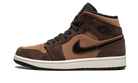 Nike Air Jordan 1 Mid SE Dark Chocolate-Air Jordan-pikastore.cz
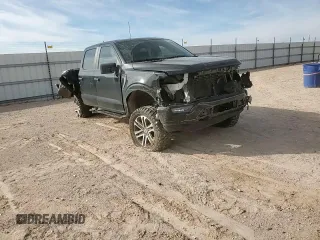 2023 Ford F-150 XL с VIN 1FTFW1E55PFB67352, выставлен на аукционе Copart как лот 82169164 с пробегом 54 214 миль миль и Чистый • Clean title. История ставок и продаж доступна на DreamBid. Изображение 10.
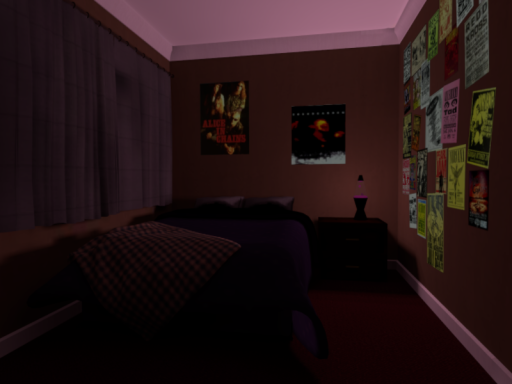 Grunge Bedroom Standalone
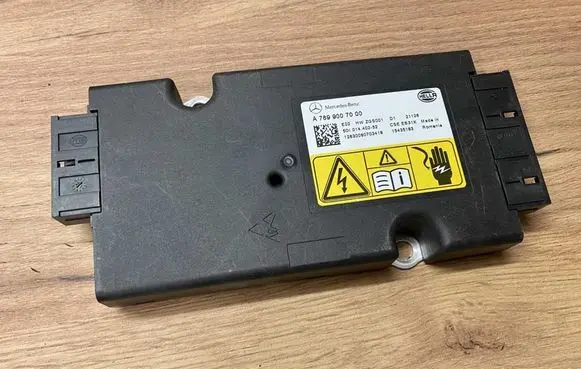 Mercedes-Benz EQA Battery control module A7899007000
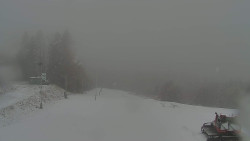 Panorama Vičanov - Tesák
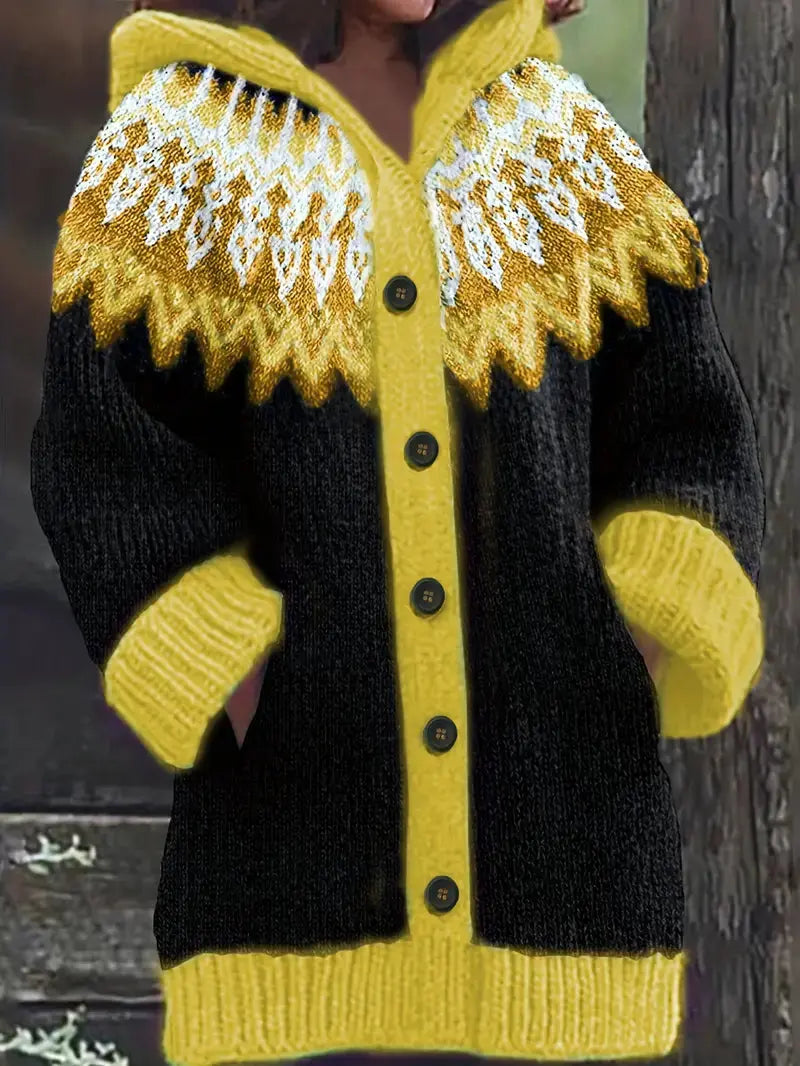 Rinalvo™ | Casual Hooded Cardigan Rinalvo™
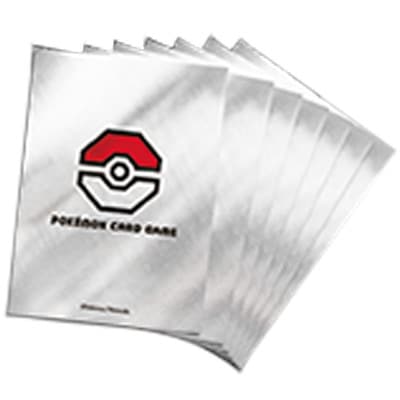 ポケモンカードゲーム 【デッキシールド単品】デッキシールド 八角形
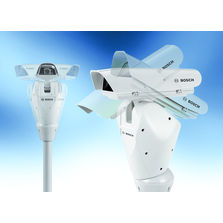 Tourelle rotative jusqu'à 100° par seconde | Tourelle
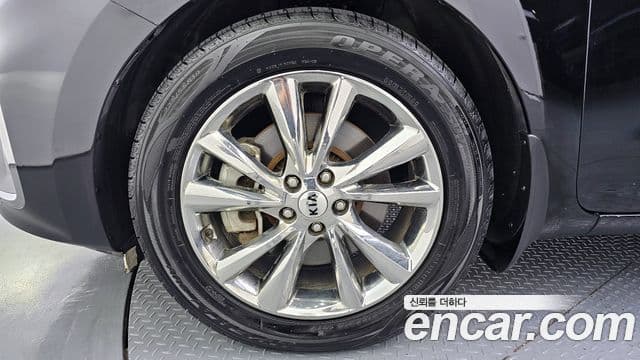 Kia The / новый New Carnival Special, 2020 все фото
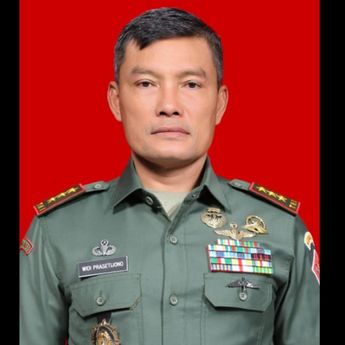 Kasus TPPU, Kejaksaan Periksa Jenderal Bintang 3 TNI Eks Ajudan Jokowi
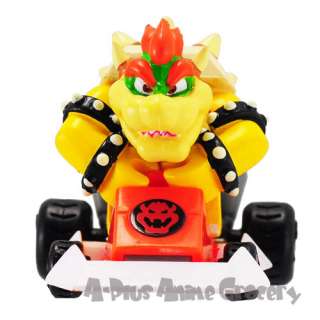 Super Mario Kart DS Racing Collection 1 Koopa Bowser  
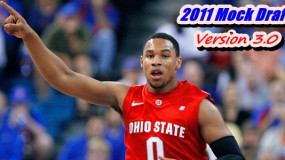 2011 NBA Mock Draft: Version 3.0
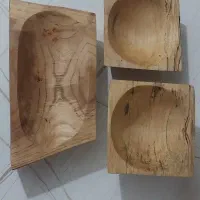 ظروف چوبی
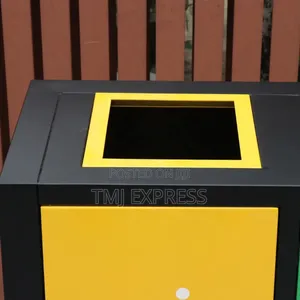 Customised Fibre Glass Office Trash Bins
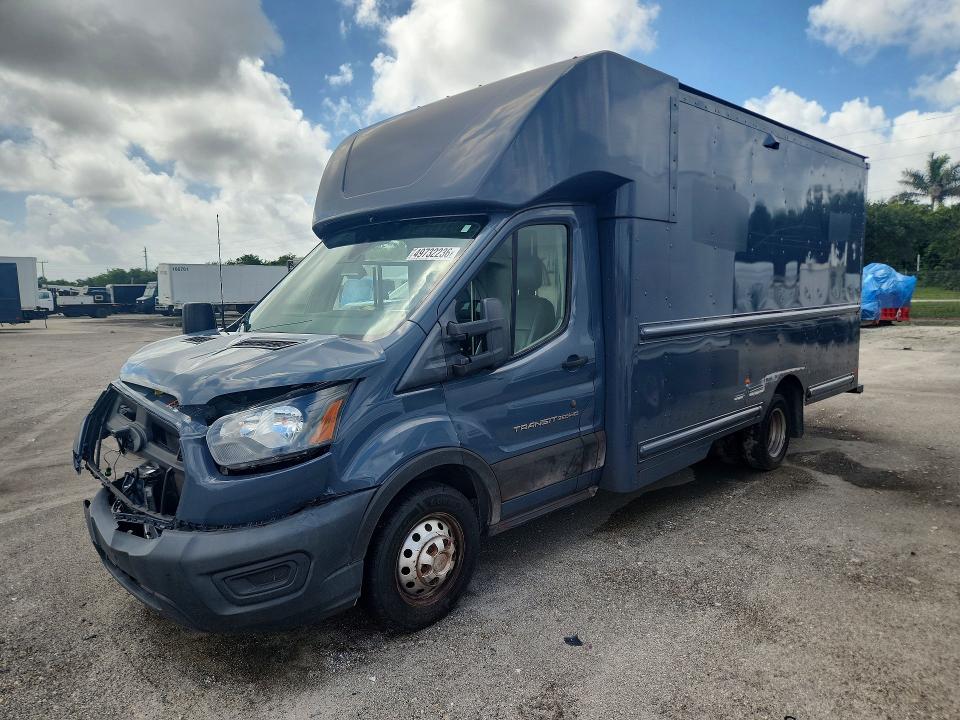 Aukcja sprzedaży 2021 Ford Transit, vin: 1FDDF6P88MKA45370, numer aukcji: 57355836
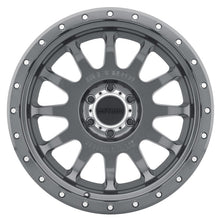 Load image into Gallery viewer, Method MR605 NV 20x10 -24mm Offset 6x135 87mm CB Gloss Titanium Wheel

____

Problem: Everything from the line containing "Kasus TPPU, Kejaksaan" through the last line of the listing above must be output exactly, except the pictures.

Reply to the exercise:
 Kasus TPPU, Kejaksaan Periksa Jenderal Bintang 3 TNI Eks Ajudan Jokowi
 Super Mario Kart DS Racing Collection 1 Koopa Bowser  
 2011 NBA Mock Draft: Version 3.0
 ظروف چوبی
 Customised Fibre Glass Office Trash Bins
 Aukcja sprzedaży 2021 Ford Transit, vin: 1FDDF6P88MKA45370, numer aukcji: 57355836
 Load image into Gallery viewer, Method MR605 NV 20x10 -24mm Offset 6x135 87mm CB Gloss Titanium Wheel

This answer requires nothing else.